“There is no stroke rehabilitation center in Kutaisi, Georgia, and after their hospital treatment, patients are discharged to go home. Unfortunately, patients’ carers do not have enough information on how to take care of them once their loved ones are back home. Due to swallowing problems, many of stroke survivors return to the hospital very soon after their discharge, this time not because of stroke, but because of aspiration pneumonia- a type of lung infection that is due to a relatively large amount of material from the stomach or mouth entering the lungs” says Tamar Janelidze, MD, neurologist, co-founder and board member of Georgian stroke support organization, Medical Foundation Mkurnali.

SAFE: What is one issue related to the life after stroke in your country that you think needs special attention?

TJ: In Georgia, there is an observed growth trend in cerebrovascular diseases. For last years, at the national health sector level, special attention is paid to acute strokes. In general, stroke is one of the main causes of disablement of the population of Georgia. In particular, most of patients that survived stroke are disabled, and 30-40% of them needed permanent care.
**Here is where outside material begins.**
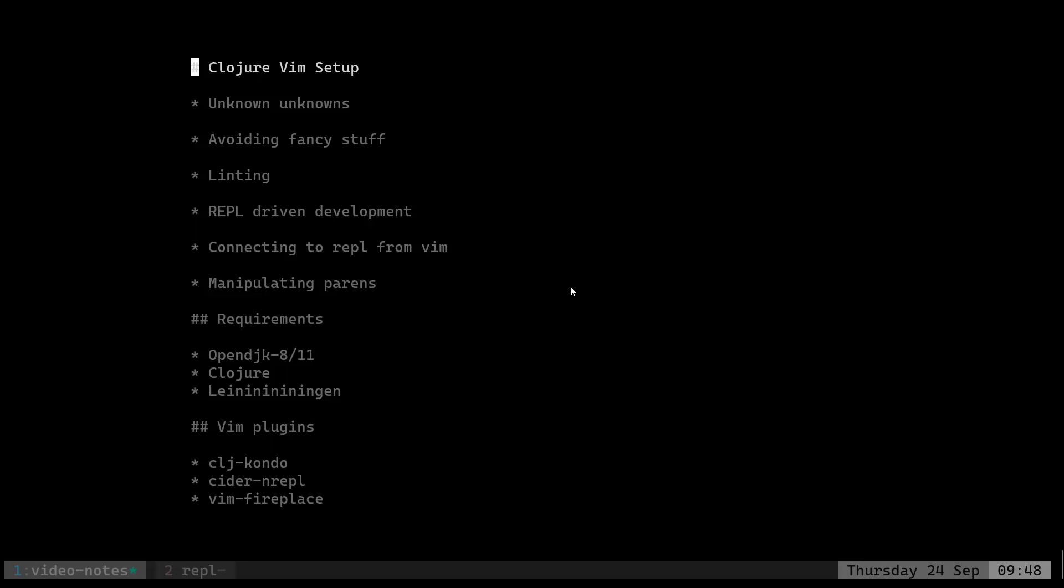Hi, in this video we're going to be talking about Clojure and Vim setup. I've had a lot of problems setting up a Vim environment for Clojure. There were many guides available, but they assumed too much. When I started writing Clojure, I just didn't know about stuff - these were unknown unknowns. I didn't know what to search for or what I even really needed.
Because of a deficiency in rehabilitation services in Georgia, no correction of neurological impairment can be made completely for stroke patients that reduces the quality of life.  In response to the urgency of this disease, it is very important to study the methods for fighting this disease and for the management of its complications, as well as for its proper diagnosis.
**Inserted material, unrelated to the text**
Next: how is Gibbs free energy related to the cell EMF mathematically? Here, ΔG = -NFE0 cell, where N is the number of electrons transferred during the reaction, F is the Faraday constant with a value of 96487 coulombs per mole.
In Georgia, at our hospital, at the premises of the neurology department, there have been established the stroke management units, the so-called stroke units, which allow not only for effective treatment of stroke patients, but also for assessing the complications and possible risks associated with stroke.  65% of patient  had dysphagia, which evolves as a result of infringement of brain blood circulation, and appears as inhibition of swallowing reflex, or as its complete elimination.
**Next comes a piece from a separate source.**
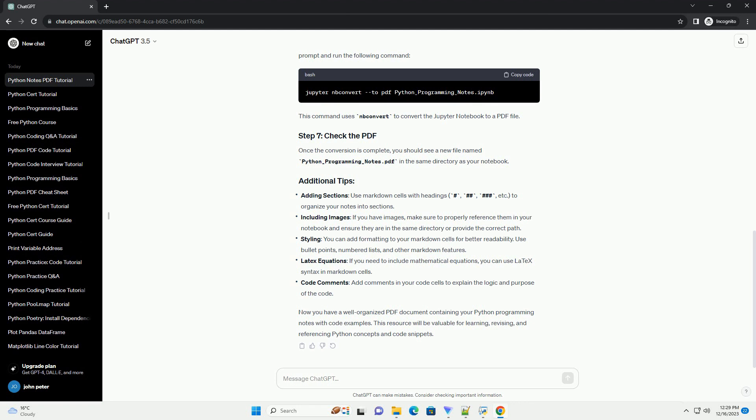By following these steps, you can create a well-organized Python programming notes PDF with code examples. This PDF can serve as a valuable resource for learning and referencing Python concepts. Feel free to customize the tutorial based on your specific needs and preferences. Happy coding!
SAFE: What would be the solution, i.e. what is your organisation’s position regarding this issue? 

TJ: There is the risk of an aspiration of foods in the airway that consequently may lead to aspiration pneumonia. Our organization contributes to the introduction of dysphagia screening in the neurology department, which include the studies were actively started for the detection of dysphagia. First, swallowing reflex is checked and lingual condition is assessed in all patients, as well as there is differentiated whether dysphagia is a neurological complication or not. Then the studies are carried out through video-photofluorography roentgenoscopy. Patient swallows the contrast substances of different consistencies, and radiologist assesses radioscopically the swallowing process. Also, in some cases, of high importance is to assess the pharynx condition, for which we apply to an endoscopy.

After the mentioned examination, an attending physician and radiologist make decision on how the dietary regime of patient should be carried out. Of all 120 examined patients, dysphagia was detected in 85, and an appropriate examination regime and treatment were chosen for them, and in some of them the need of gastrostomy was identified. Analysis of latest data has shown that the problem of proper diagnosis of dysphagia allows for reducing the complications, even such as aspiration pneumonia that in turn is the most dangerous complication in terms of mortality.

Thus, proper diagnosis is a guarantee of preventing possible disablement and anticipated mortality.

SAFE: Please tell us more about your organisation.

TJ: Our organization participates in s patient’s educational program not only for stroke patients. We also have relations with government of  Kutaisi and also Kutaisi University and try together to make our patients’ lives better.